*Goal of the exercise:* Transcribe the line that contains "Camping Les Rives" and every line after it to the end of the records, exactly and nothing else. Skip the pictures.

+===+

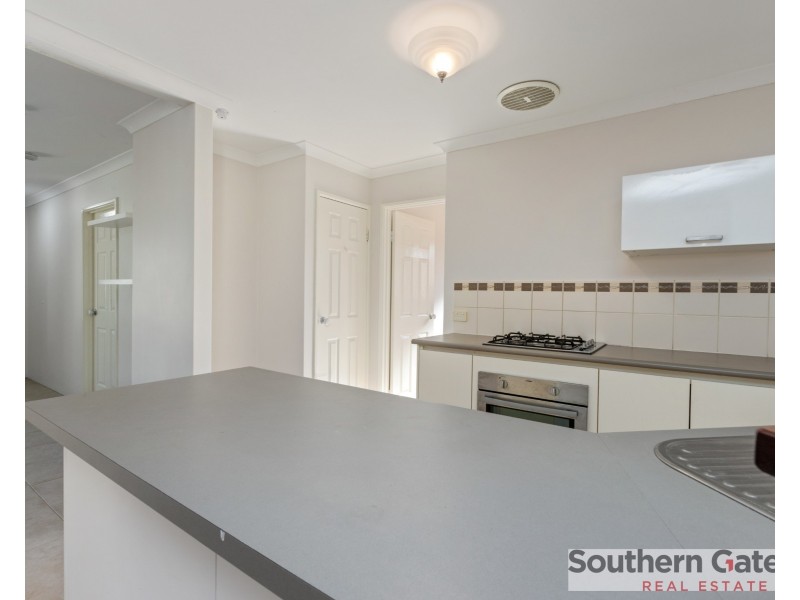 12 Gorman Place, Calista WA 6167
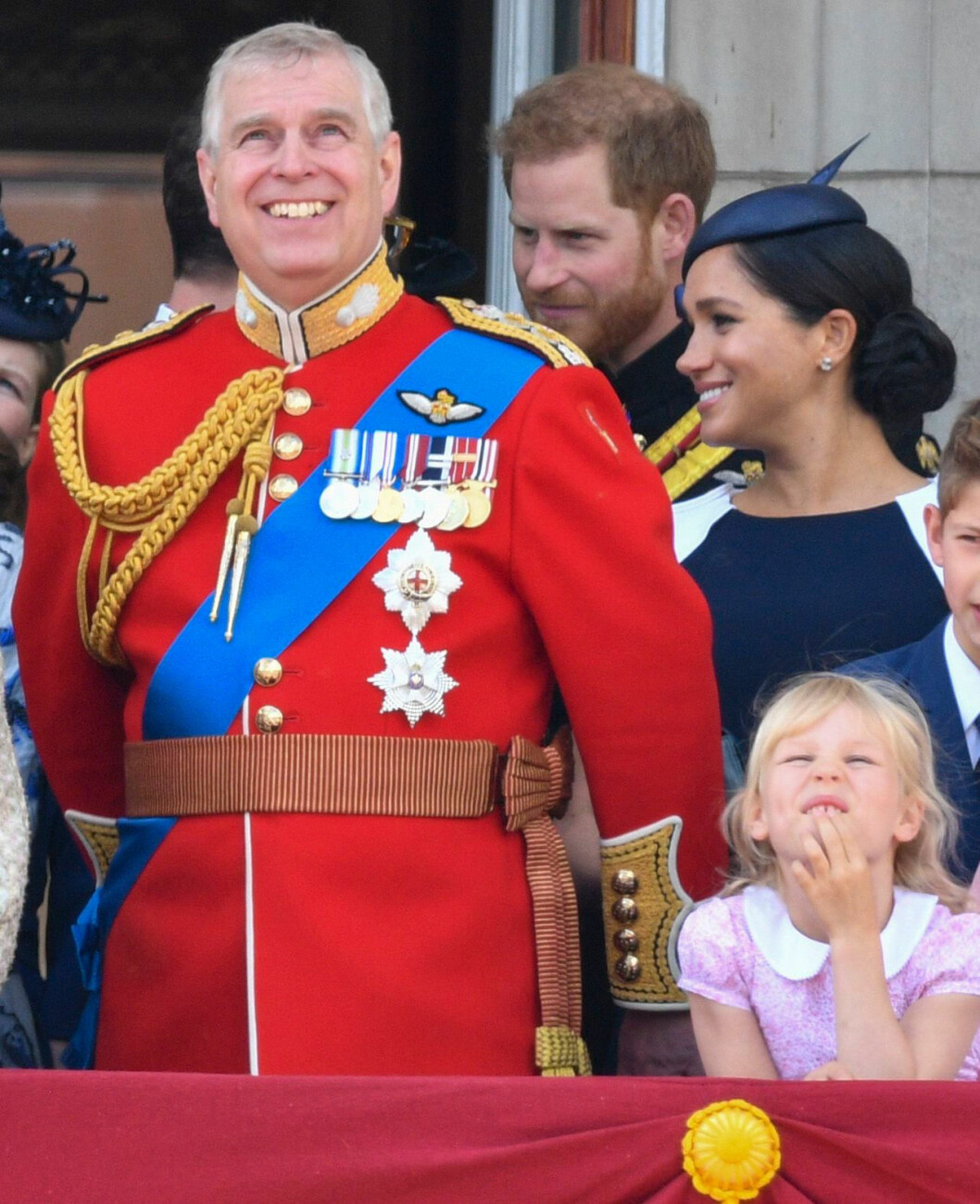 Prins Andrew med Meghan och prins Harry, innan skandalen briserade. prins Andrew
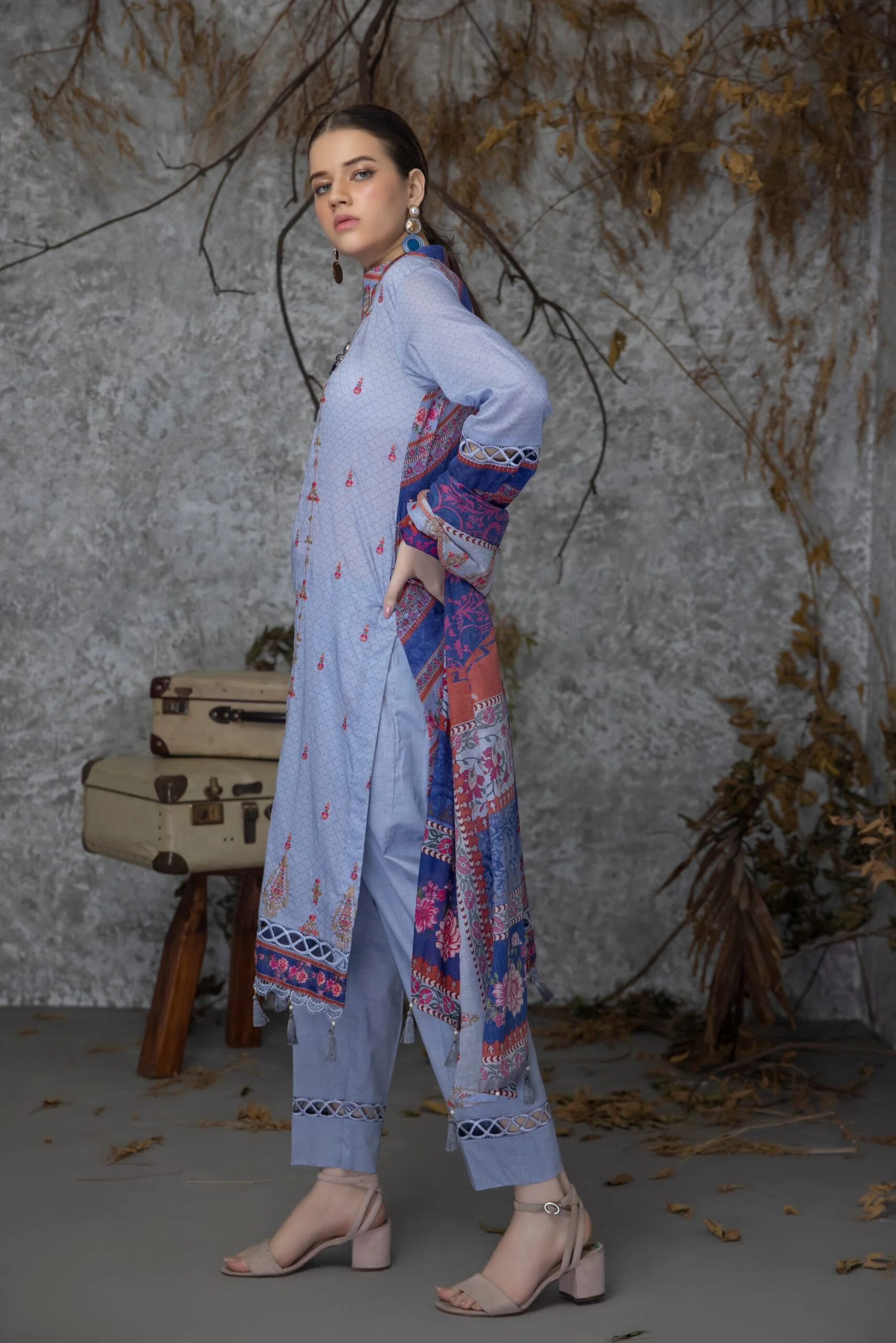 Salina Printed Lawn Collection with Cutwork Dupatta – SCWV2-10 - Image 4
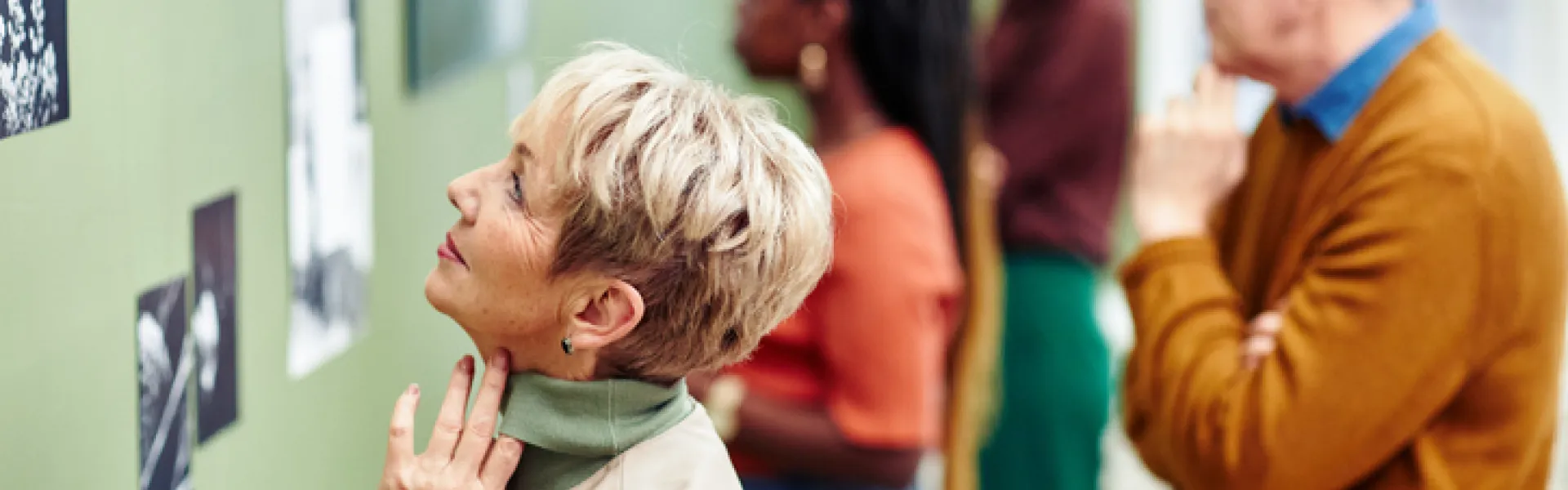 Visiteurs d'une exposition de photographies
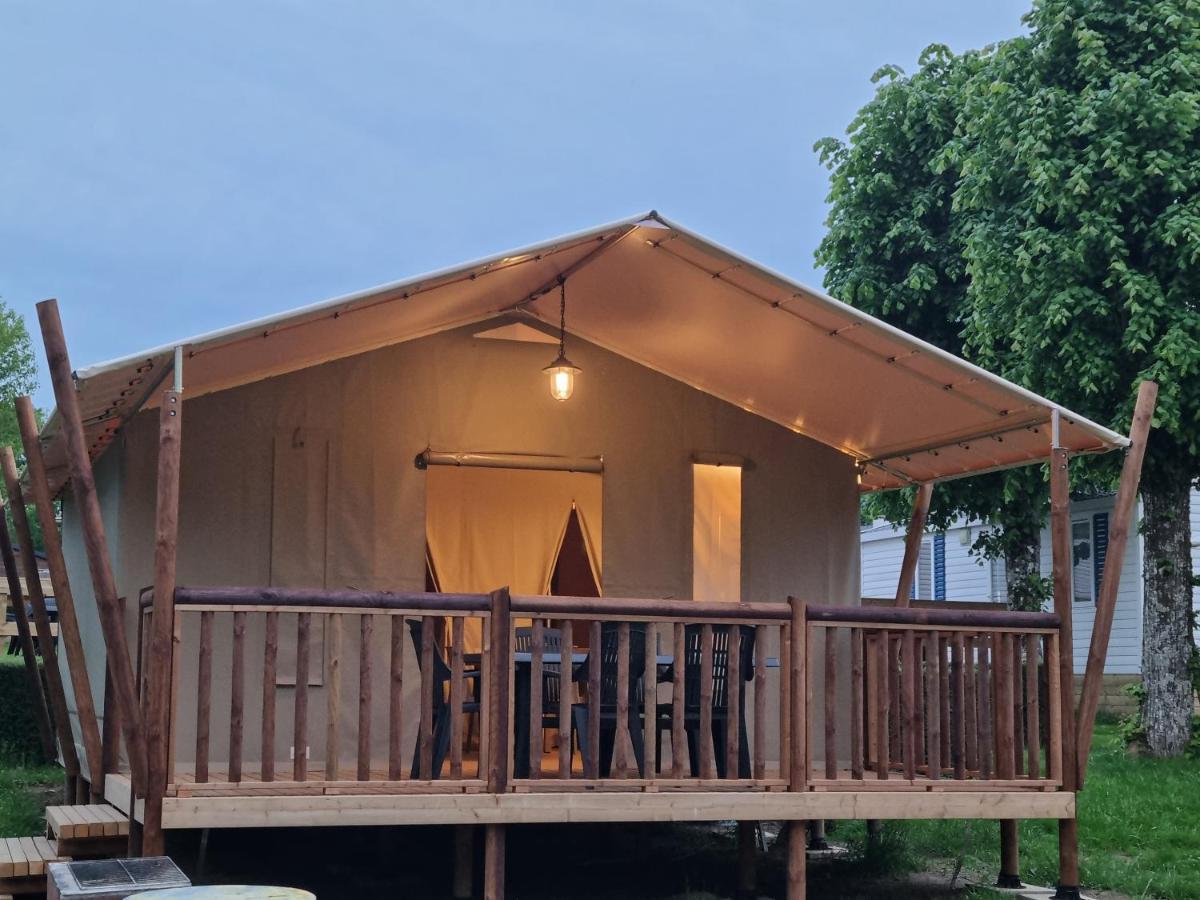 Camping Les Rives Du Lac Bois Morin Exterior foto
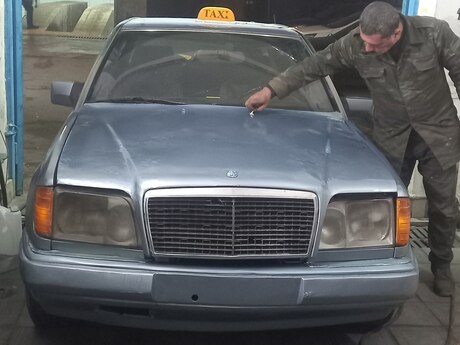 Mercedes 250 D, 1986 il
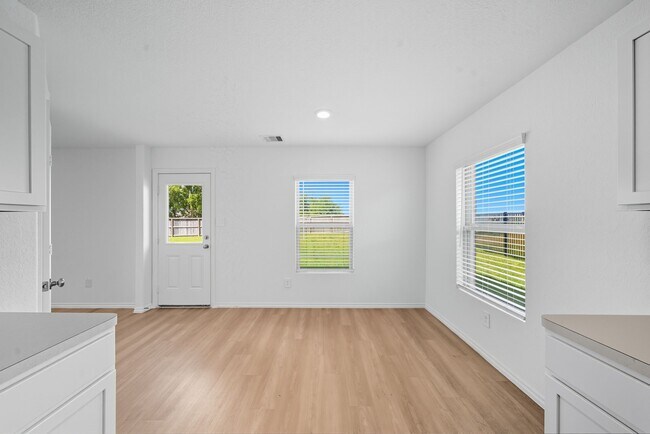 Building Photo - 32506 Orchard Haze Dr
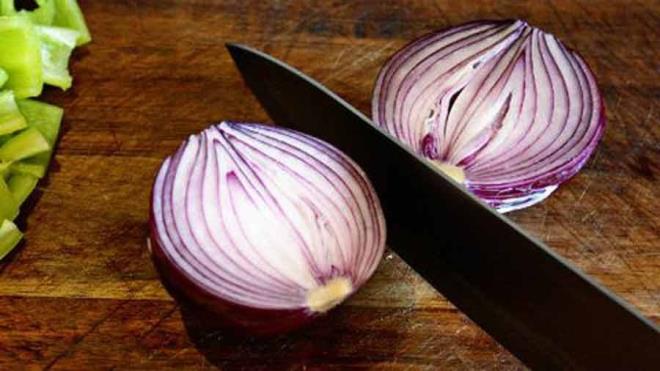 Ayak ve el trnaklarnz abuk krlyor ise trnaklarnz mor soan suyu ile ovun.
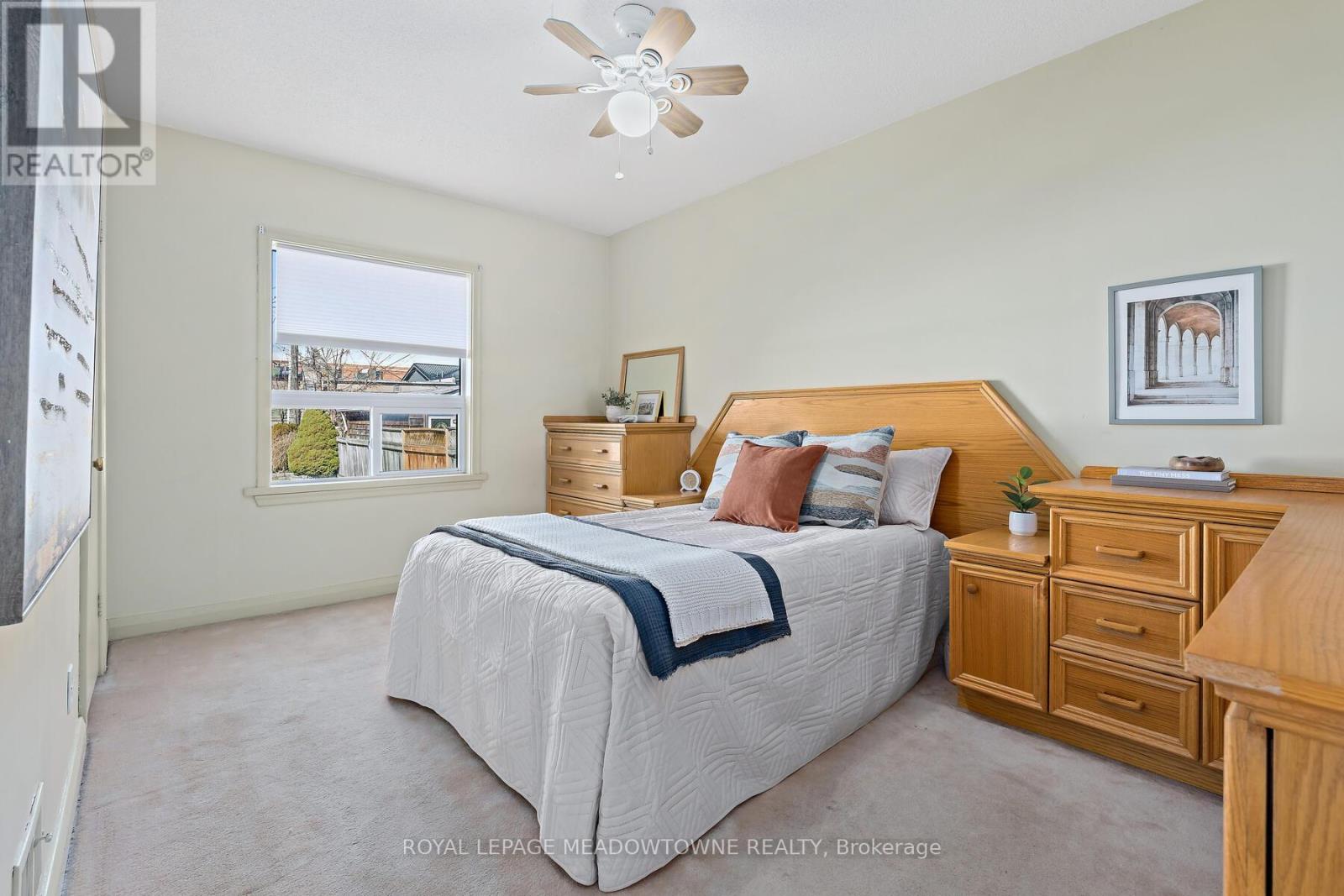 37 Prince Charles Drive, Halton Hills, Ontario  L7G 3T9 - Photo 18 - W12934766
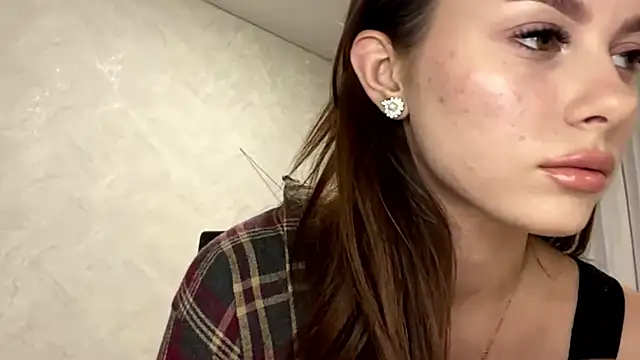 StephaniCute online show from April 2026 03:31:01 PM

+===+

*Written answer:*
 Camping Les Rives Du Lac Bois Morin Exterior foto
 Mercedes 250 D, 1986 il
 Building Photo - 32506 Orchard Haze Dr
 Ayak ve el trnaklarnz abuk krlyor ise trnaklarnz mor soan suyu ile ovun.
 37 Prince Charles Drive, Halton Hills, Ontario  L7G 3T9 - Photo 18 - W12934766
 StephaniCute online show from April 2026 03:31:01 PM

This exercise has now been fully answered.